Prime minister Sheikh Hasina on Wednesday urged foreign investors to take advantage offered by Bangladesh to expand their businesses. ‘The government of Bangladesh is committed to stay on its upward course to attract FDI and maintain investment-friendly environment for our economic development,’ she said. The prime minister was inaugurating International Investment Forum-2014, organised by the Board of Investment at Pan Pacific Sonargaon Hotel in Dhaka.
Welcoming the investors to be part in making Bangladesh’s dynamic and growing economy, Hasina said, ‘Please find out for yourselves what Bangladesh can offer’.
‘We hope Bangladesh’s economic progress will be a continuous process and we can build on the success of this forum to generate further interest in improving trade and investment in the region.’
BoI organised the Forum attended by about 273 local and foreign investors from about twenty-one countries, aimed at attracting investment in potential sectors by offering investment opportunities and incentives by the government.
Finance minister AMA Muhith, Federation of Bangladesh Chamber of Commerce and Industry president Kazi Akram Uddin Ahmed, France-Bangladesh Chamber of Commerce & Industry president and Lafarge Surma Cement chief executive officer Tarek Ahmed, and secretary of the Prime Minister Office Abul Kalam Azad also spoke on the occasion while BoI executive chairman SA Samad was in the chair.
Hasina said despite global recession and economic meltdown emerging Asian countries achieved tremendous economic growth over the last two decades.
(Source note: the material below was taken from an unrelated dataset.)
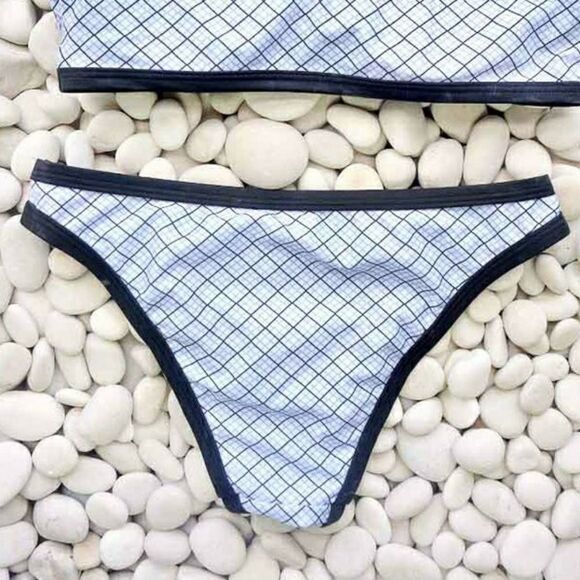 NWT Plaid Bandeau Two Piece Bikini Set in Black and White - Picture 7 of 9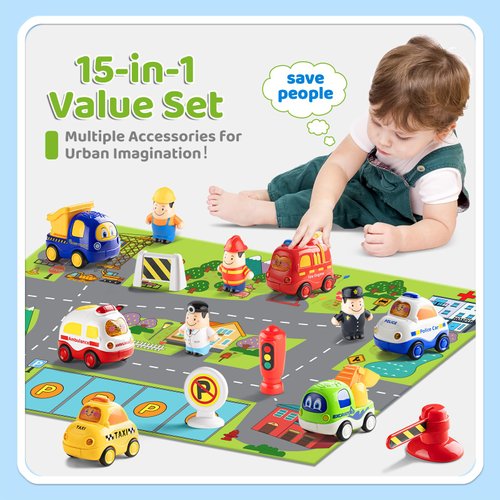 ALASOU 15 PCS Cars and People Figure Toys for 1 2 Year Old Boy with Playmat/Storage Bag|1 2 Year Old Boy Birthday Gift for Kids Ages 1 2 3|Montessori Toy Cars Stocking Stuffers for Toddlers 1-3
Bangladesh also attained average 6.2 per cent growth over the last five years, she said.
‘Many of our neighbouring countries are being graduated from least developed country to developing ones. Sustainable local and foreign investment, regional trade and steps taken for attracting private investment have played crucial role in the economic progress.’
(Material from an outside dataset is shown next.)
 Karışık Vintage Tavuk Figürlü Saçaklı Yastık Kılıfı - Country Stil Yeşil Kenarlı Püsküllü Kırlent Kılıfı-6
Liberal investment policy has created opportunities for the countries to participate in the regional production process in coherent manner, she said. Terming South Asia as the least integrated region in the world, she said though the region was home of one-fourth population of the world, its total foreign investment was only 2 per cent of the total global investment.
Per capita global investment is $643 while it’s only $20 in this region, Hasina said. Average inter-regional foreign investment in South Asia is only $300 million which is one per cent of total investment of the region, she said.
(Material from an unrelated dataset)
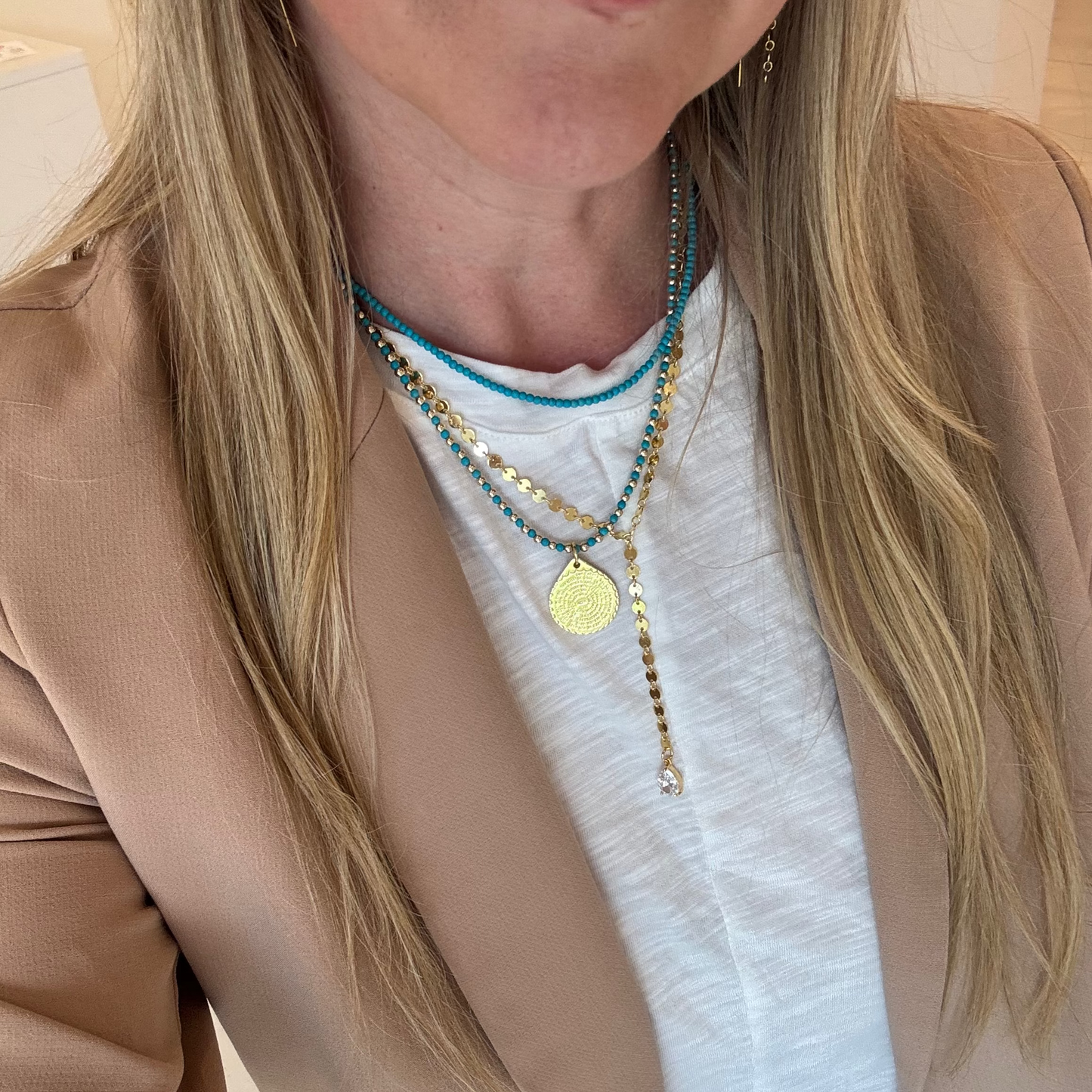 Micro Turquoise Gemstone Chain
Hasina said South Asia had a huge market potential for investors with middle group people whose income capacity was rising gradually. Size of its internal market is expanding due to increase of the demands of local people, she said. ‘Investment is getting lucrative as export is going up in multiple sectors.’
The prime minister said in recent years, her government had attached importance on expansion of trade relation based on regional cooperation. Regional cooperation paved ways for infrastructure development, expansion of trade and market access.
Other South Asian nations, like Bangladesh, are taking lesson from the global development concepts and came forward for economic reform for accelerating their growth, she said.
Hasina said she gave special importance to Bay of Bengal triangular growth. This growth might act as catalyst to enhance our trade and investment among the South and East Asian nation including China and Japan, she said.
Saying that Bangladesh’s trade prospect is directly related to the water territory, the prime minister noted that Bangladesh’s maritime territory with India and Myanmar without demarcation was a big development barrier for the country. ‘Now we have found a friendly solution of the problem and every country has got their legitimate share of the ocean.’
The prime minister unwrapped some publications of the BoI on the occasion.